What you should do
The reply should hold only the lines from the one with "Heart no A Chapter 3 page 1" to the one with "Formula 1'e özel işbirliği...", both ends kept, exactly as they appear below, without any pictures.

Stored data
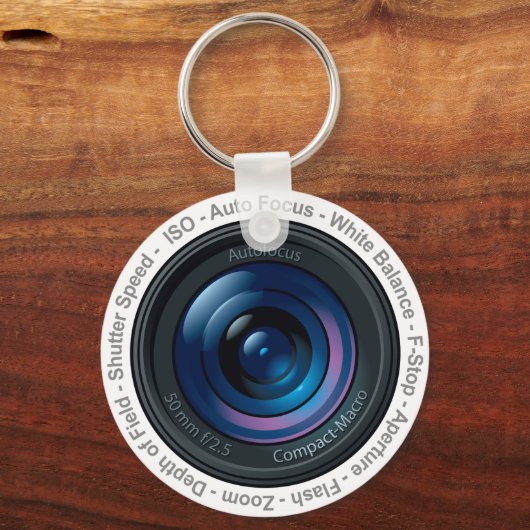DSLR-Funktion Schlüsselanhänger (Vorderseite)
---
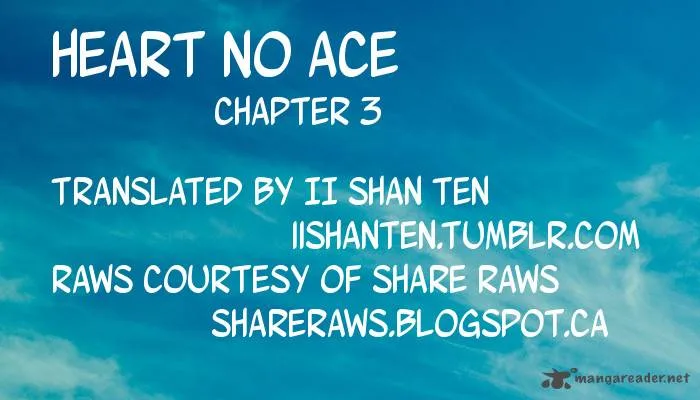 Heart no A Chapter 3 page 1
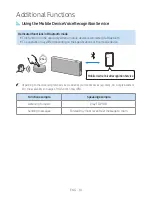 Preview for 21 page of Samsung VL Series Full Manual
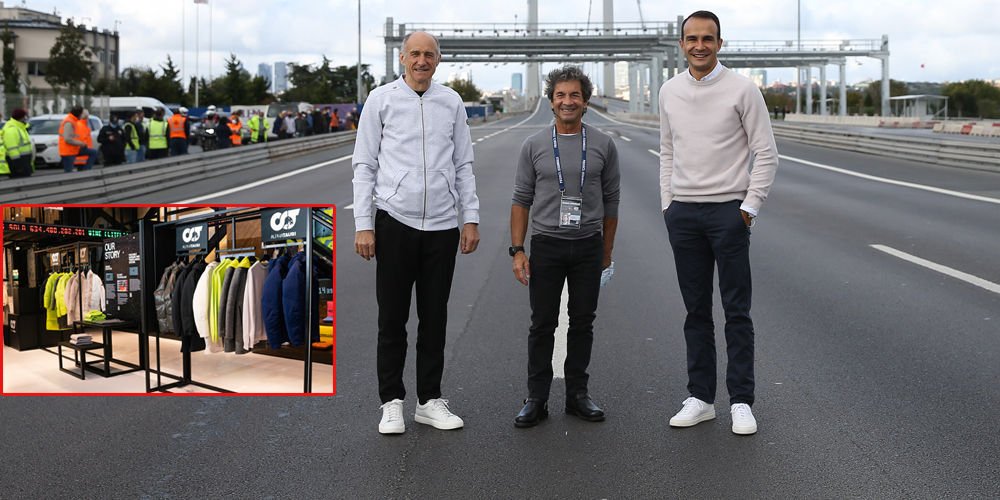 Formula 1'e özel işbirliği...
* * *
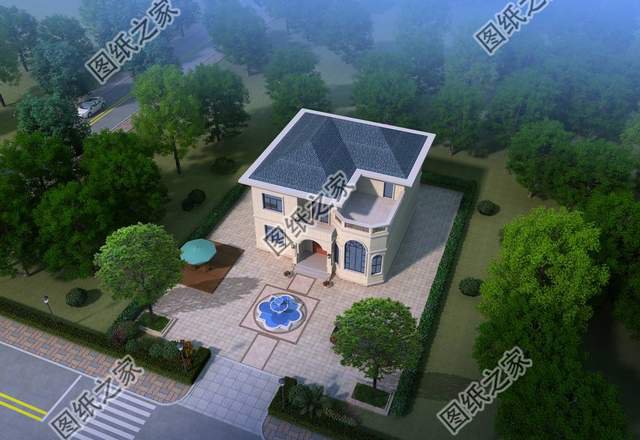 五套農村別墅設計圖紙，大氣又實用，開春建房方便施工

Reply to the exercise
 Heart no A Chapter 3 page 1
 Preview for 21 page of Samsung VL Series Full Manual
 Formula 1'e özel işbirliği...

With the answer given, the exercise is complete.